R. Beh, noi abbiamo ribadito più volte che al ministro dei trasporti chiediamo di far funzionare i treni non le fidanzate, e neanche i bordelli. Non siamo i cattolici che sono passati da sgomento a scandalo. Certo, se ci si chiede un parere diciamo che non condividiamo quello stile di vita. Ma noi siamo più preoccupati di coloro che vogliono imporre il proprio stile onesto.

D. Ma non le capita di non essere d’accordo con qualcuno dei suoi commentatori?

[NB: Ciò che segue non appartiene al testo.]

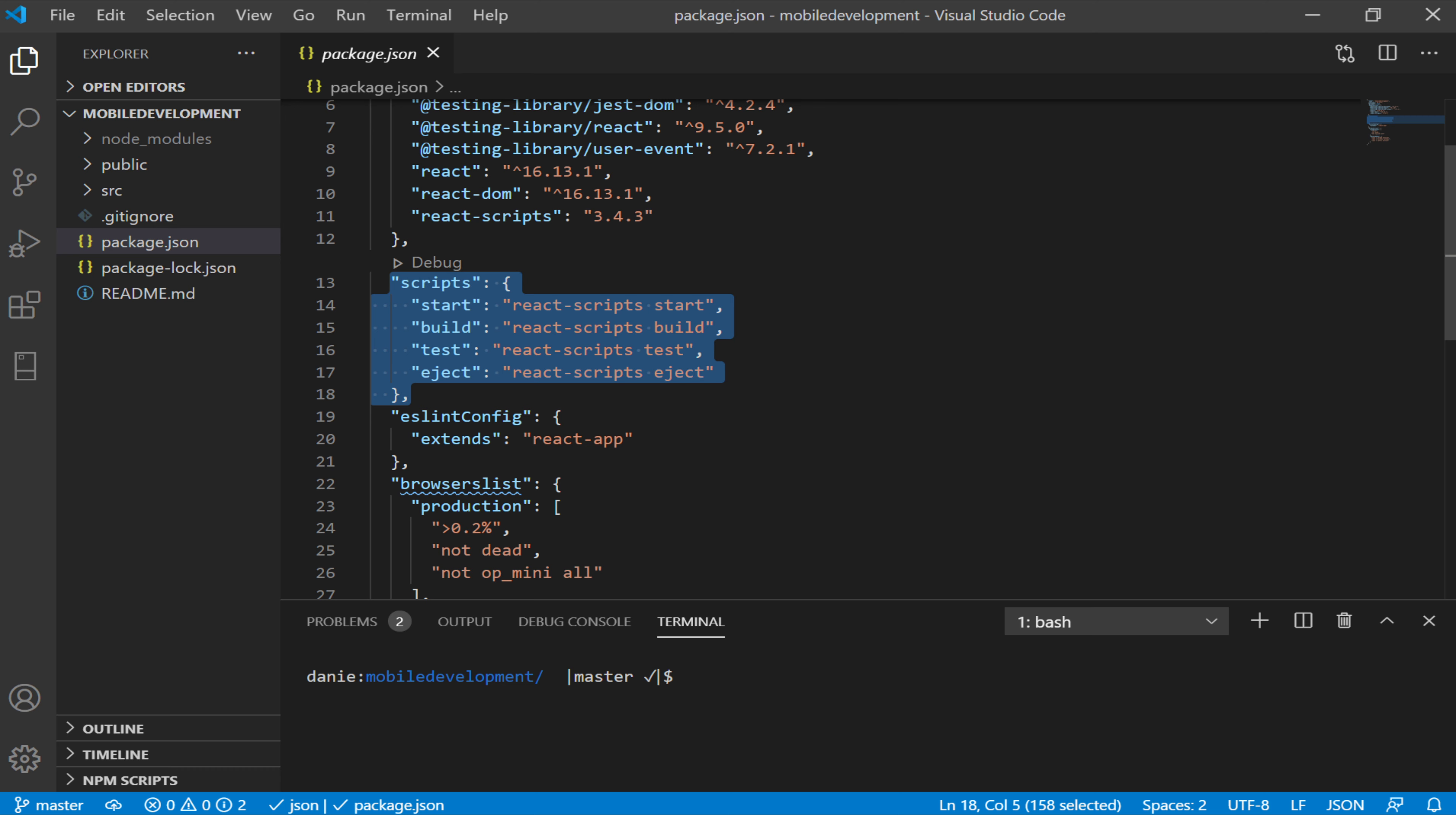Notice it has a start script. So this could be run then using npm start or npm run start. But for the others build, test and eject, we would have to type npm run build, npm run test or npm run eject.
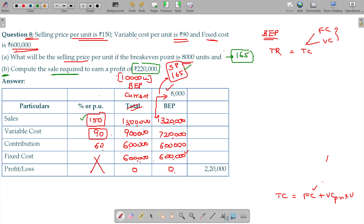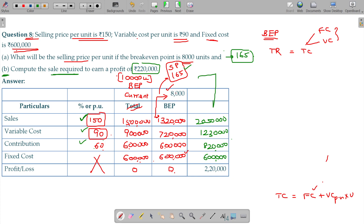Original selling price is 150, variable cost is 90, contribution is 60. Working through the figures: fixed cost 6 lakhs, total cost 12 lakhs 30,000 rupees, and sales should be 20 lakhs 50,000 rupees. This is the sales required to earn your desired profit.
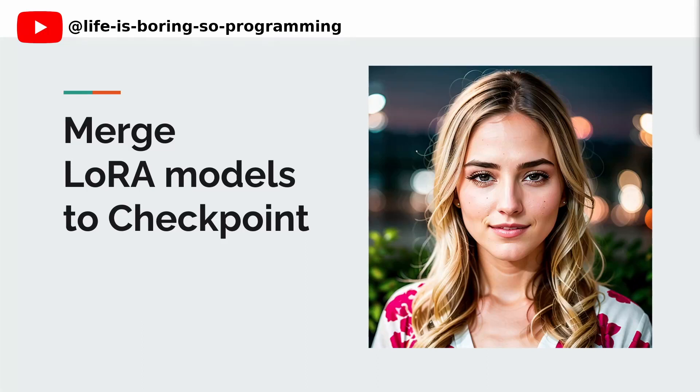Hello everyone. Merging LoRa models to a checkpoint can be a challenging task, especially for those interested in stable diffusion and AI art through LoRa training.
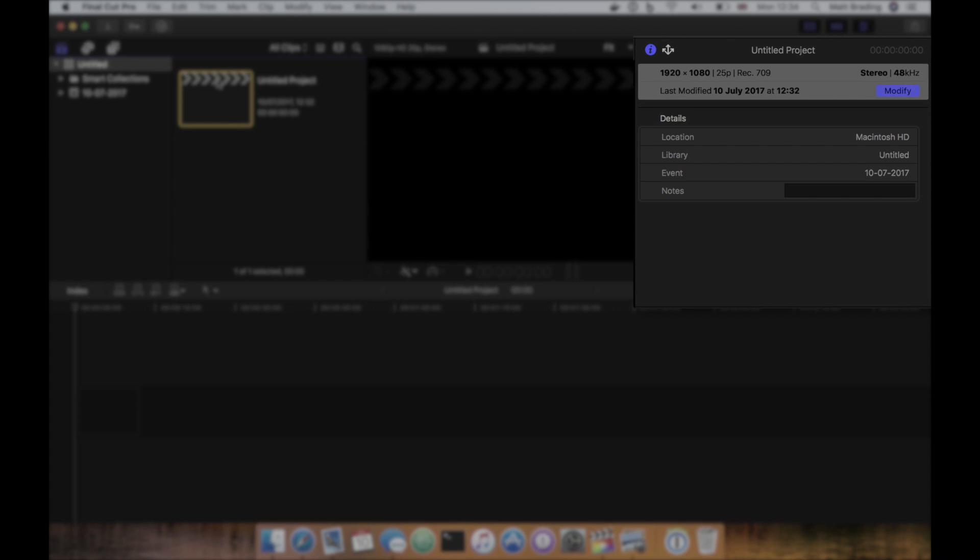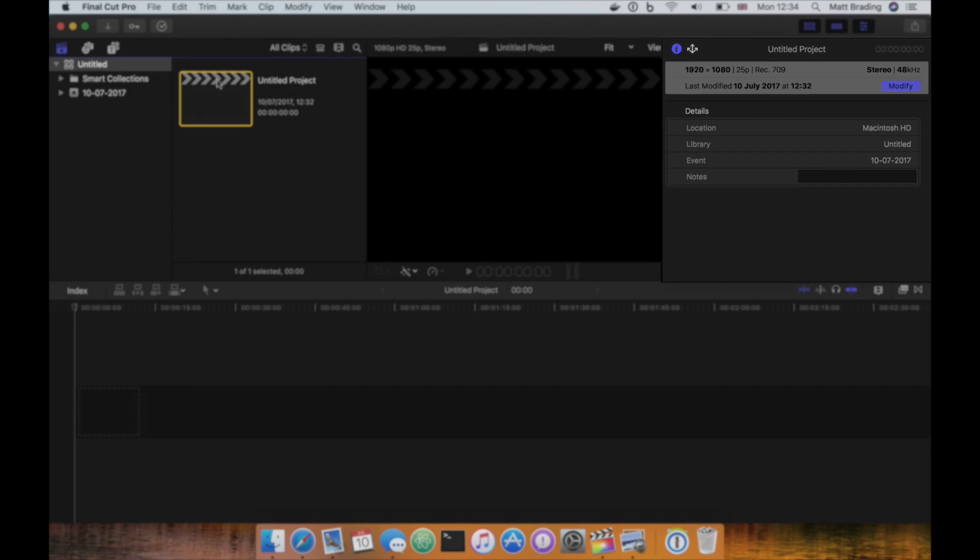The inspector, located in the top right, is where you will find more information and settings for items you have selected, either in the browser or in the timeline.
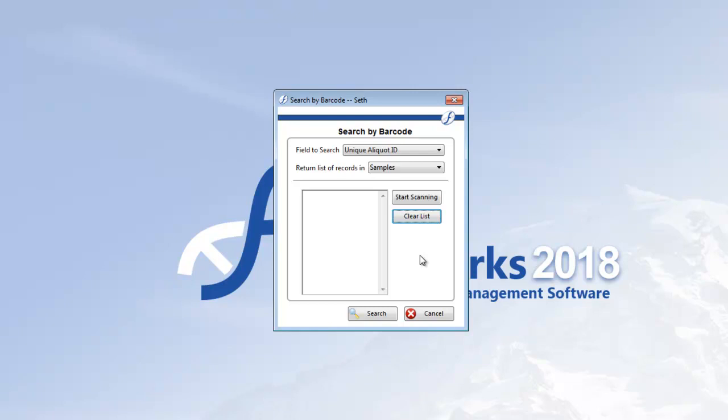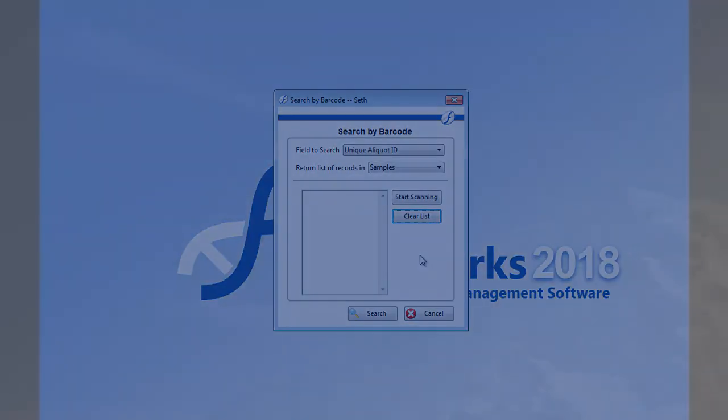And that about does it for today's look at search by barcode. For more help using our LIMS system Freezerworks, take a look at the rest of our video library. And thanks as always for watching. See you next time.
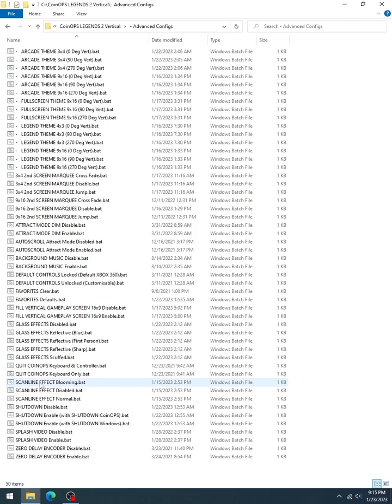You've got the arcade themes, the full screen theme, which is 9x16 only. That removes the marquee for the 9x16 users in the themes. Also understand there's a difference between fill vertical gameplay screen. It's only for 16x9, but that's in the gameplay, whether you like the marquee included or not in your gameplay. So you've got themes full screen or gameplay fill vertical gameplay screen. Understand that those are different, and you can have the full screen theme, but then also have marquees in your gameplay if you want. It allows you that flexibility.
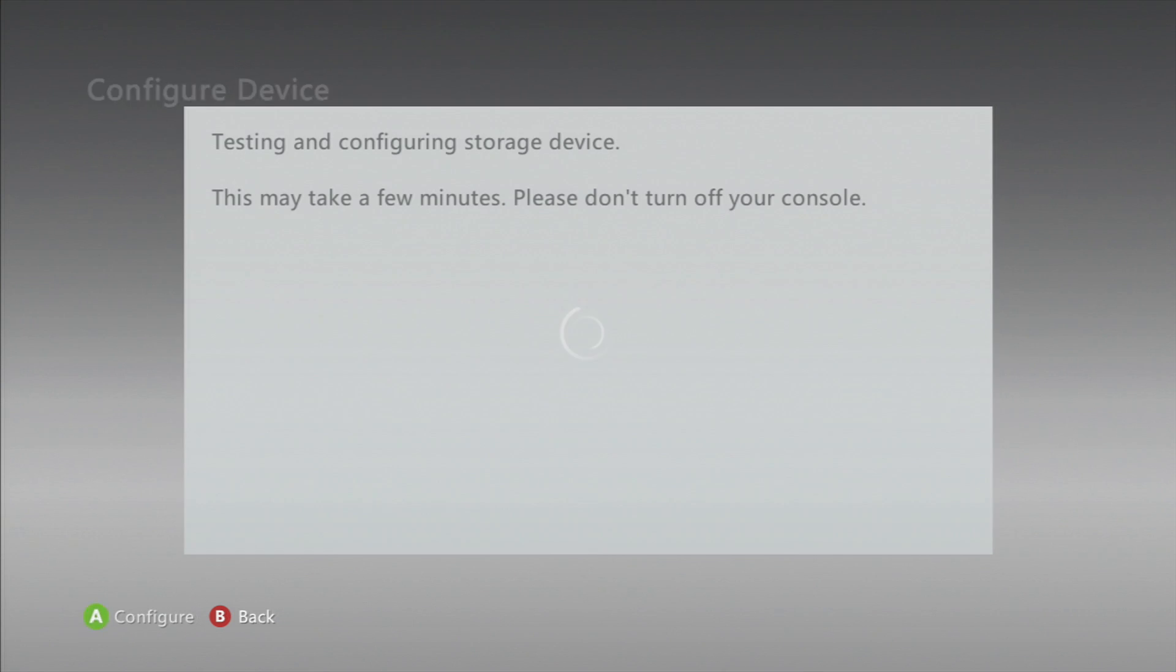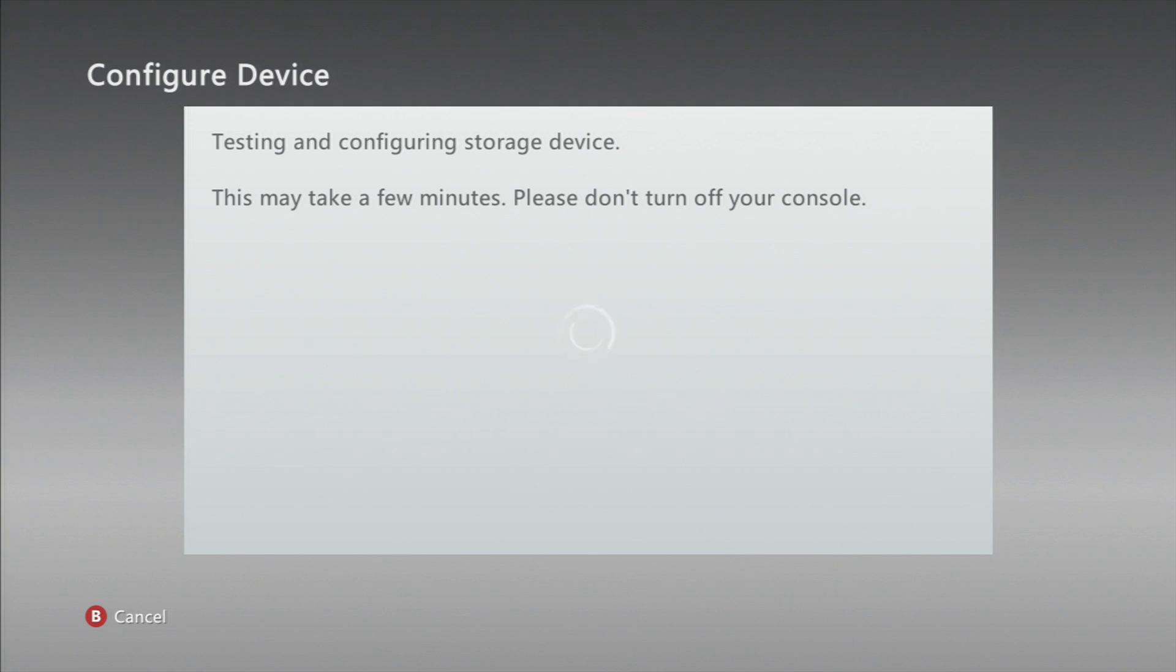So you're just gonna go and click on it and click configure, or I can just flash it to a fully used up USB.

R. Mi è capitato con Yasha Reibman. Allora ho fatto una cosa che non si dovrebbe fare: non ho censurato nulla ma ho pubblicato una postilla che chiariva la mia posizione. Yasha, di impostazione radicale, aveva scritto su temi eticamente sensibili all’opposto rispetto alla nostra linea.

D. I settimanali hanno perso diffusioni negli ultimi anni, persino i newsmagazine non se la passano bene.
R. Fare un settimanale oggi con le notizie che circolano più che in tempo reale non è facile. Rischi di fare un quotidiano vecchio: o ti specializzi in un senso tecnico oppure prescindi. Devi farlo sulla base di quello che tu vuoi o cerchi di imporre come temi o idee. Se vai dietro al carro, arrivi sempre vecchio.